● **Action item**: Exactly the lines below from the line with "Ein gemütliches Wohnzimmer" through the line with "view of swimming pool with a patio area" must make up the answer, both ends included and pictures left out.

== Recorded information ==

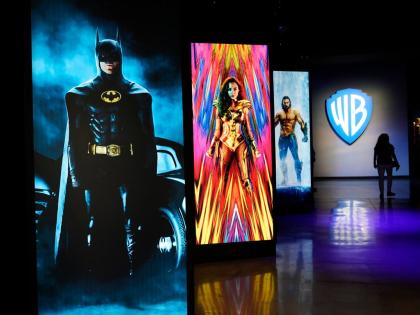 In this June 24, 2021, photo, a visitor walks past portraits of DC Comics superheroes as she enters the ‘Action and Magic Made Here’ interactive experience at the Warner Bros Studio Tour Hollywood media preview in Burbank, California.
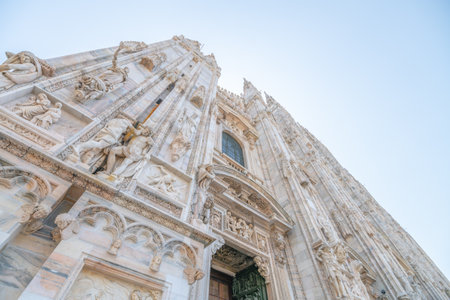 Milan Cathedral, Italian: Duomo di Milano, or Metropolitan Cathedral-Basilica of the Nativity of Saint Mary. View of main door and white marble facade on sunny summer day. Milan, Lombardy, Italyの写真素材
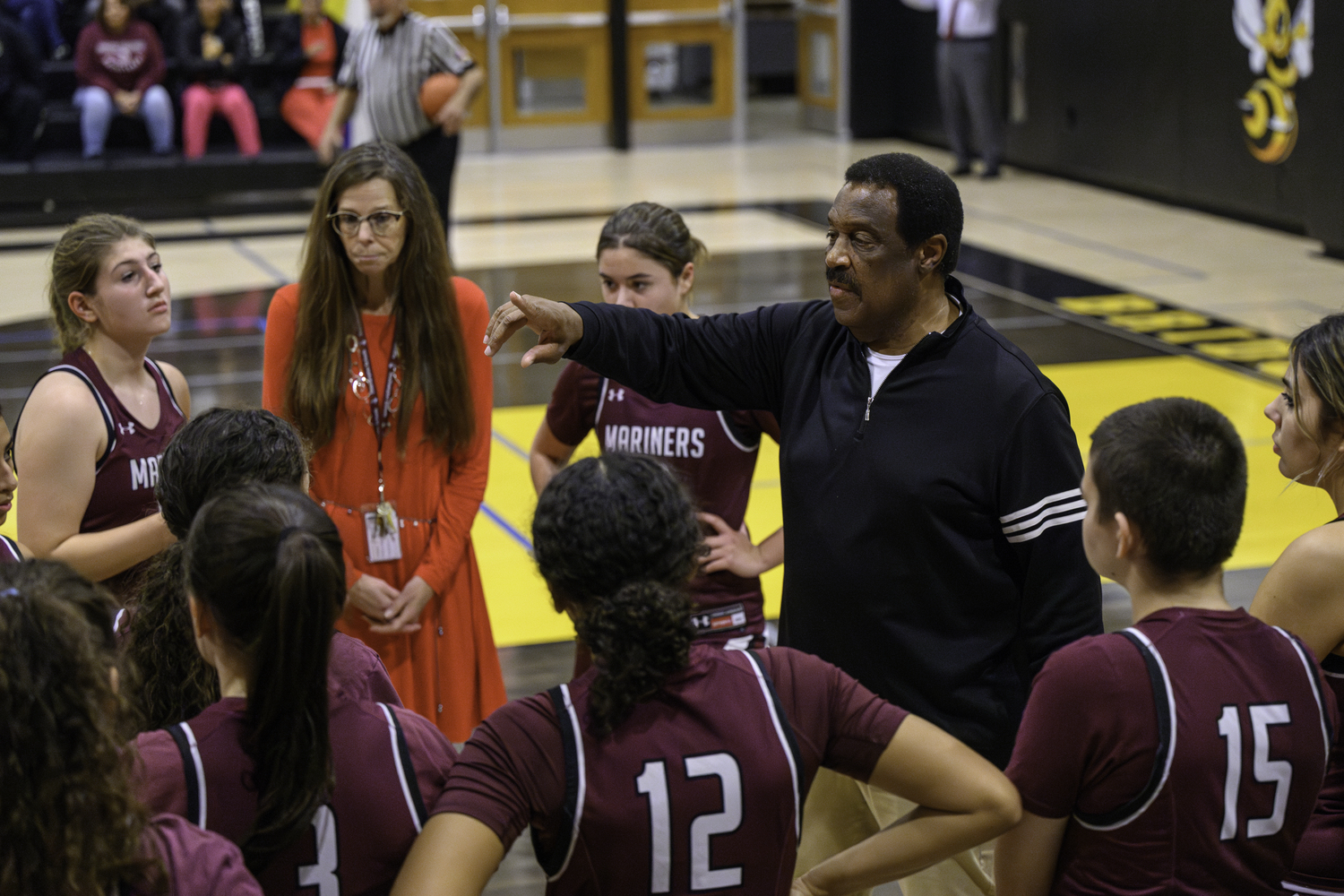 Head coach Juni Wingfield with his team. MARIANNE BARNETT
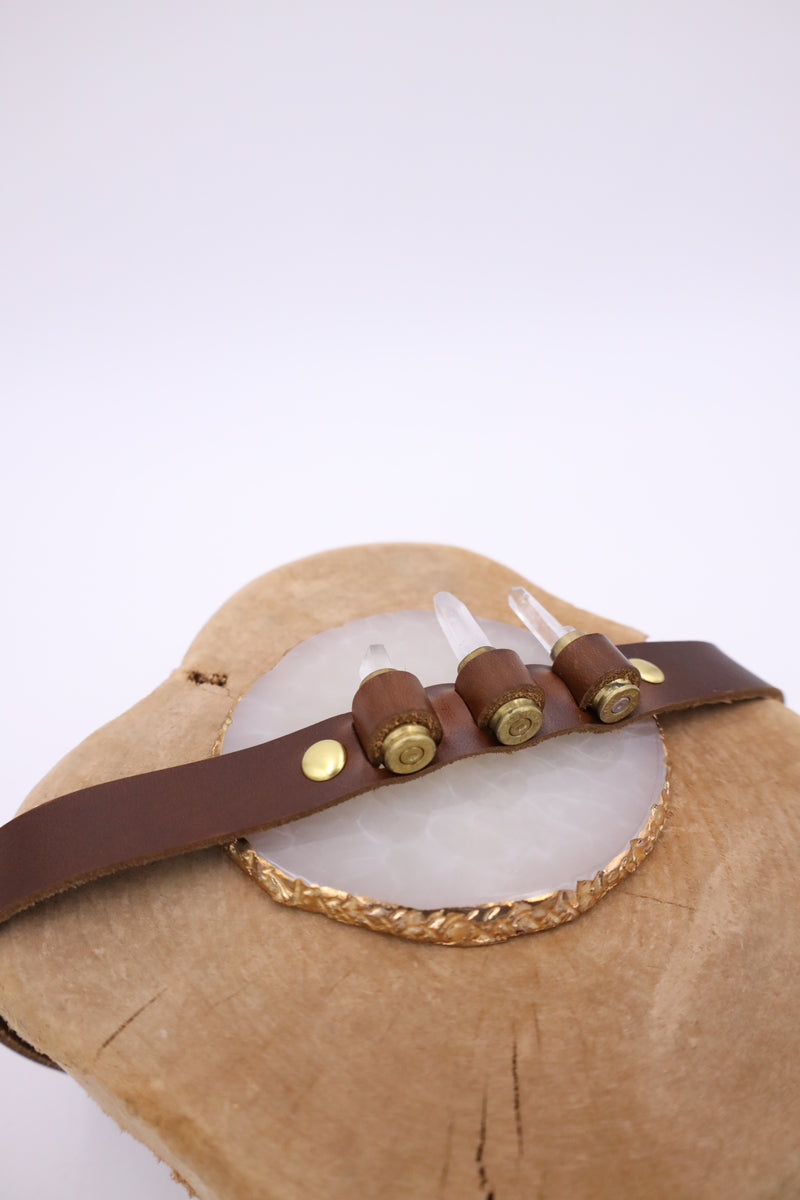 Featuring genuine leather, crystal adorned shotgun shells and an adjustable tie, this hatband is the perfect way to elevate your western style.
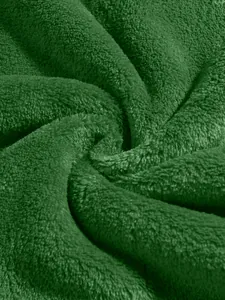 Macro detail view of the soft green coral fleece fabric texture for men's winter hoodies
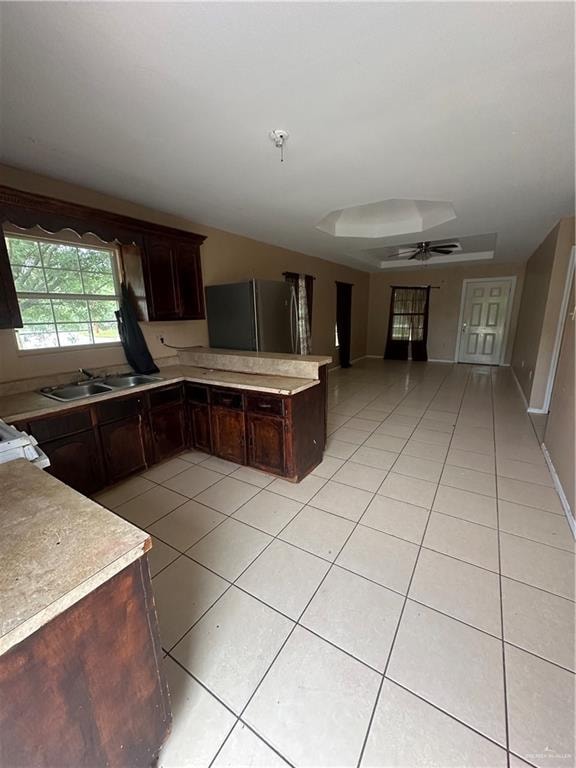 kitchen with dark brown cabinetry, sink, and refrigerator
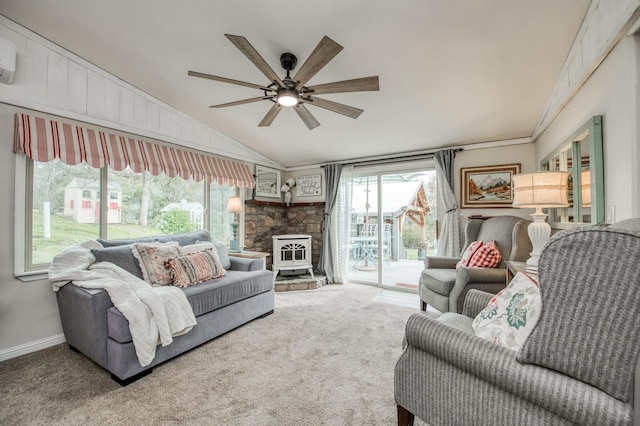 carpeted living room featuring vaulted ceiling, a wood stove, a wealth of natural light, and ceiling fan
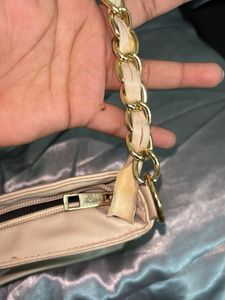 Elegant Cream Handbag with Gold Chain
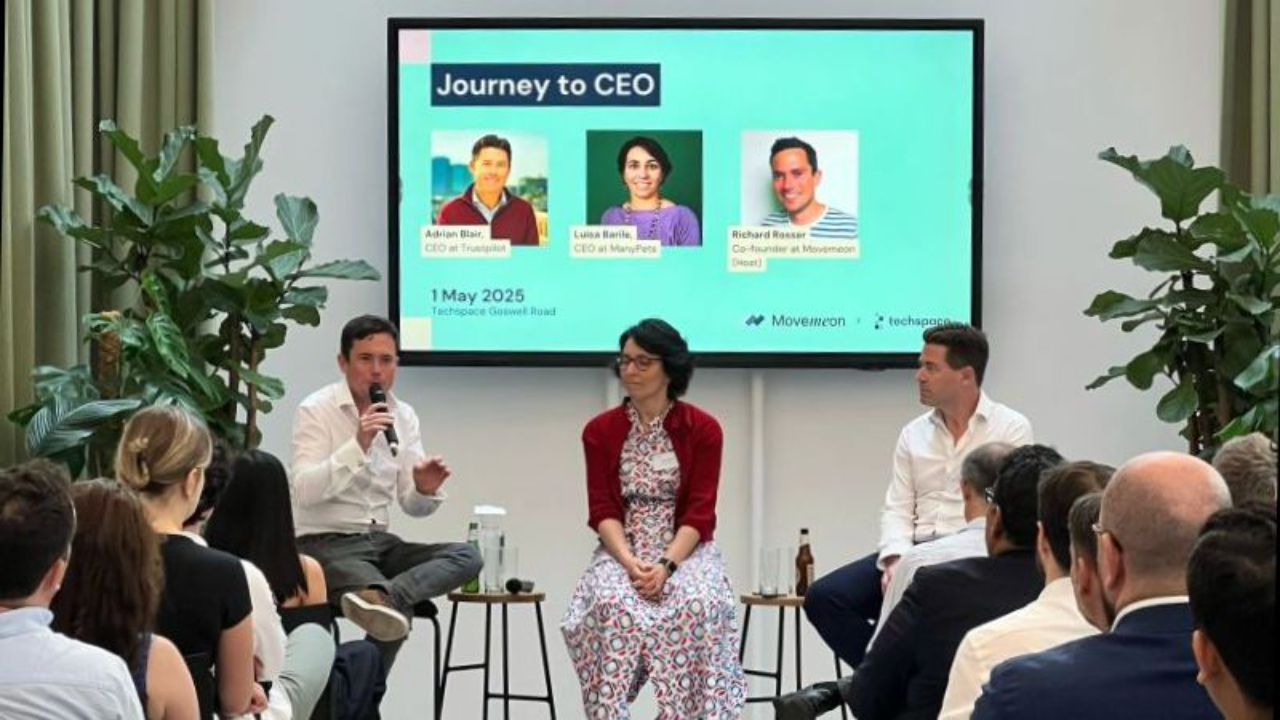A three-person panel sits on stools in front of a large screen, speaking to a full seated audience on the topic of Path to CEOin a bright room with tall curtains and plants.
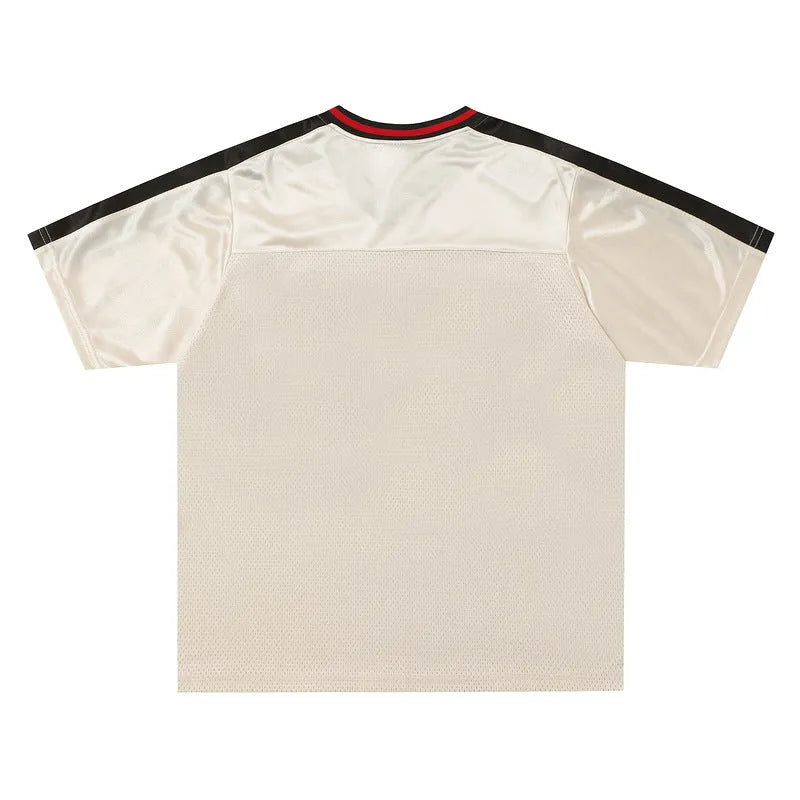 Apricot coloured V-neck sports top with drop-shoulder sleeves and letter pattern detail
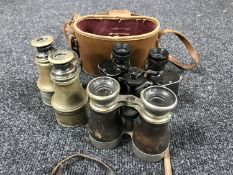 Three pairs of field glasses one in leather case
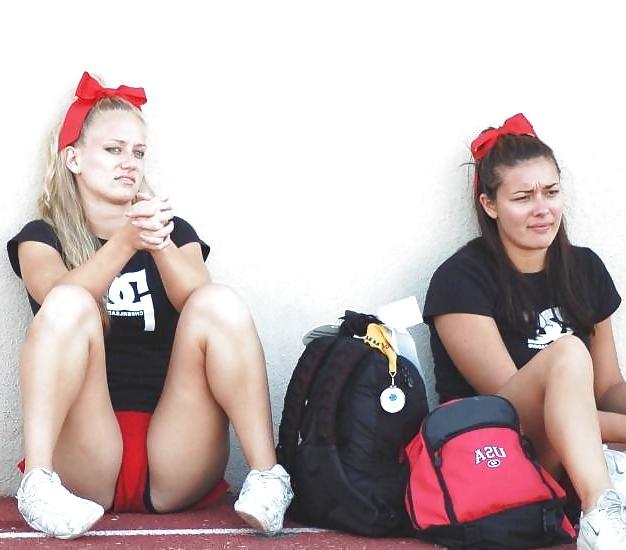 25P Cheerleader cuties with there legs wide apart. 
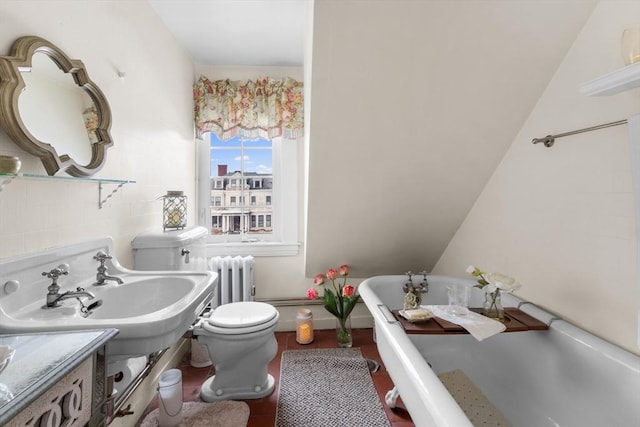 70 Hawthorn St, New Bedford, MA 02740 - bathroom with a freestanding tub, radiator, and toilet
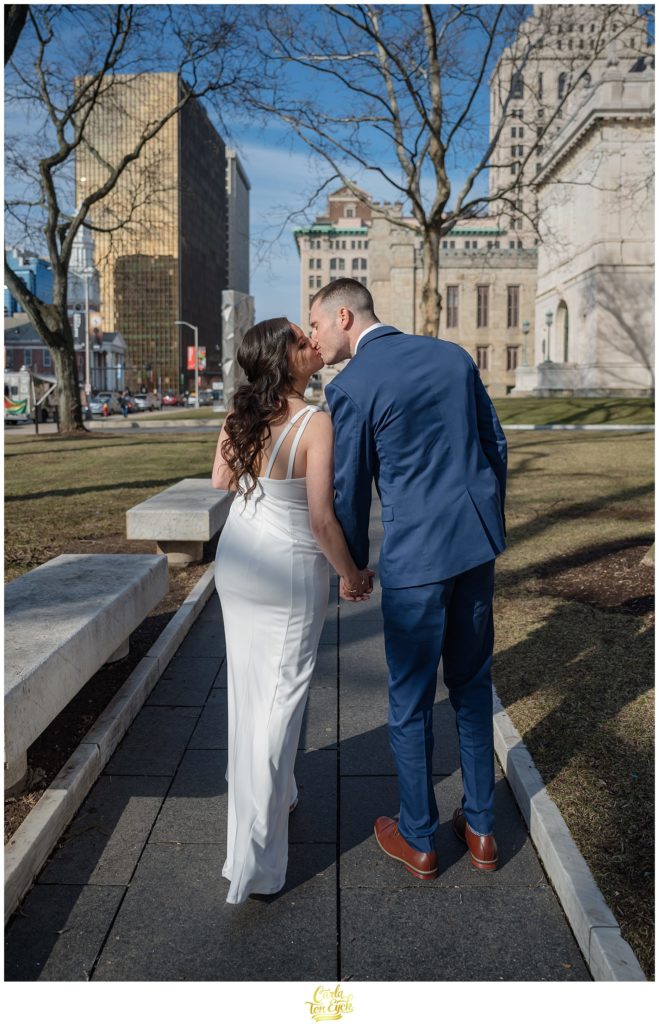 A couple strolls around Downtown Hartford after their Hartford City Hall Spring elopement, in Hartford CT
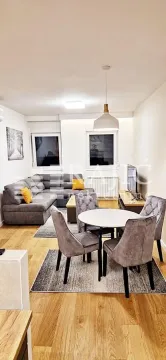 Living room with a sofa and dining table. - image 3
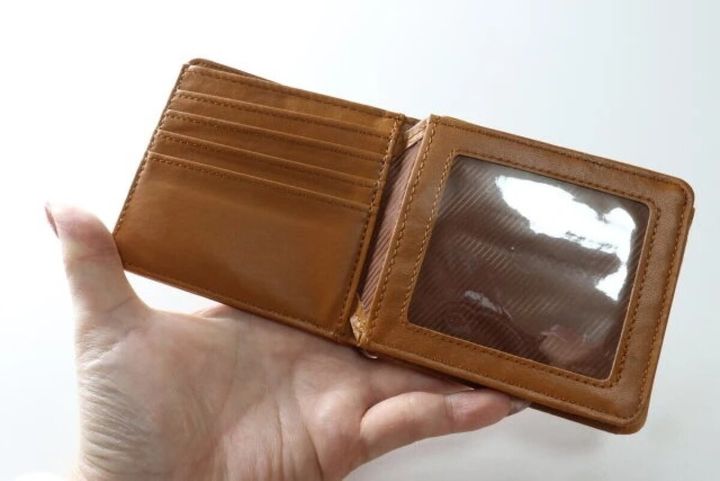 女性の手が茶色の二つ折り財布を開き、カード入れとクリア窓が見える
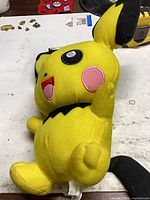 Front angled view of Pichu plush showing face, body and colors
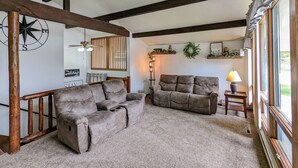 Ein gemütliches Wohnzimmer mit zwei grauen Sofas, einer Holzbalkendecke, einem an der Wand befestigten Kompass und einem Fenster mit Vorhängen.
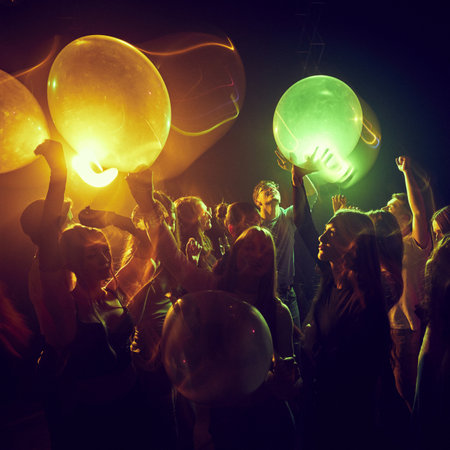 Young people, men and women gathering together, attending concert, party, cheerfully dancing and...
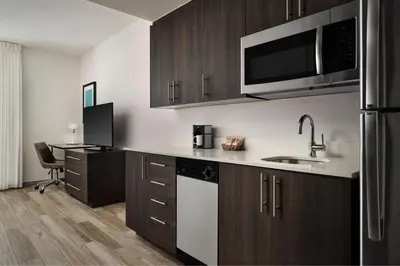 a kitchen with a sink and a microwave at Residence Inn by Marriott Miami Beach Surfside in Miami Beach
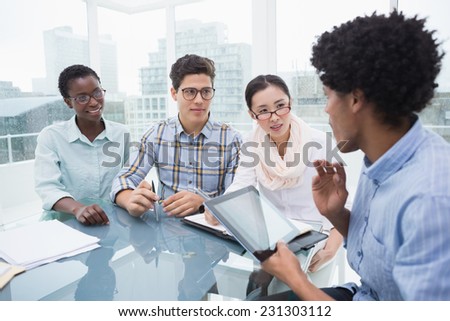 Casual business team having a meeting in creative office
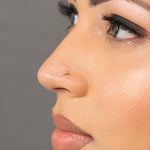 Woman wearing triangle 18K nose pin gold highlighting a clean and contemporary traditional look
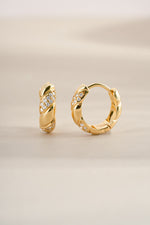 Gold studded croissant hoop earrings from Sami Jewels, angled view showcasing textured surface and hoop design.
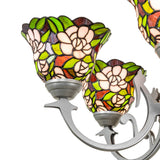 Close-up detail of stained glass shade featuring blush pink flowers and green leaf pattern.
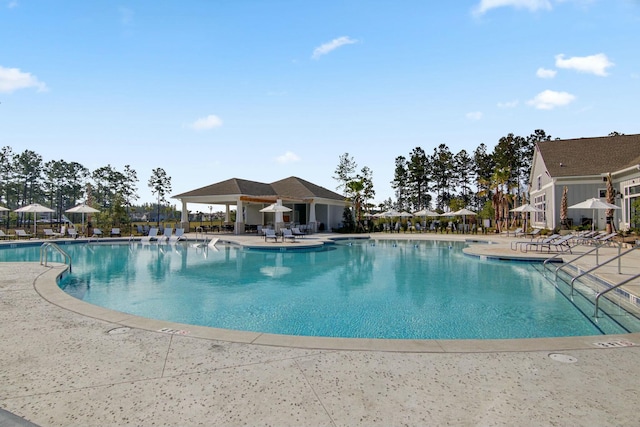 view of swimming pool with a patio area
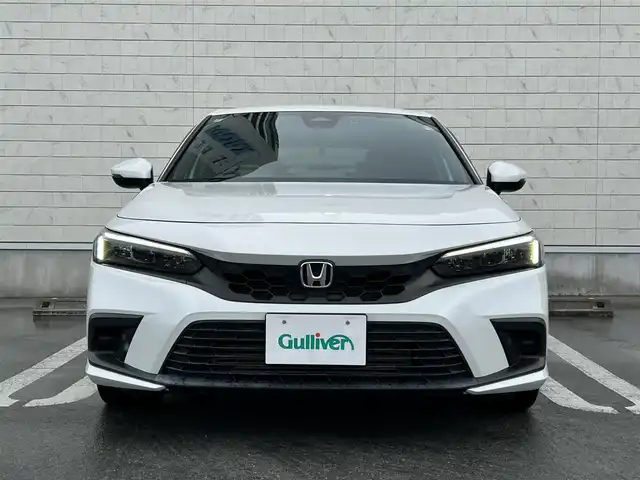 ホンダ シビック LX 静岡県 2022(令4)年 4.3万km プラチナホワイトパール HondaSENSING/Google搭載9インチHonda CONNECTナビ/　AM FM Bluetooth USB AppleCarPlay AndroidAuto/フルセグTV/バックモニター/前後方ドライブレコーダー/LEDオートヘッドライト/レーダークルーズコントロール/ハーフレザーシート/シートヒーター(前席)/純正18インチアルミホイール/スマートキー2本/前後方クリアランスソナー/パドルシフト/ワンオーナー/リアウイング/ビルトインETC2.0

===

● **Finished exercise**:
 Ein gemütliches Wohnzimmer mit zwei grauen Sofas, einer Holzbalkendecke, einem an der Wand befestigten Kompass und einem Fenster mit Vorhängen.
 Young people, men and women gathering together, attending concert, party, cheerfully dancing and...
 a kitchen with a sink and a microwave at Residence Inn by Marriott Miami Beach Surfside in Miami Beach
 Casual business team having a meeting in creative office
 Woman wearing triangle 18K nose pin gold highlighting a clean and contemporary traditional look
 Gold studded croissant hoop earrings from Sami Jewels, angled view showcasing textured surface and hoop design.
 Close-up detail of stained glass shade featuring blush pink flowers and green leaf pattern.
 view of swimming pool with a patio area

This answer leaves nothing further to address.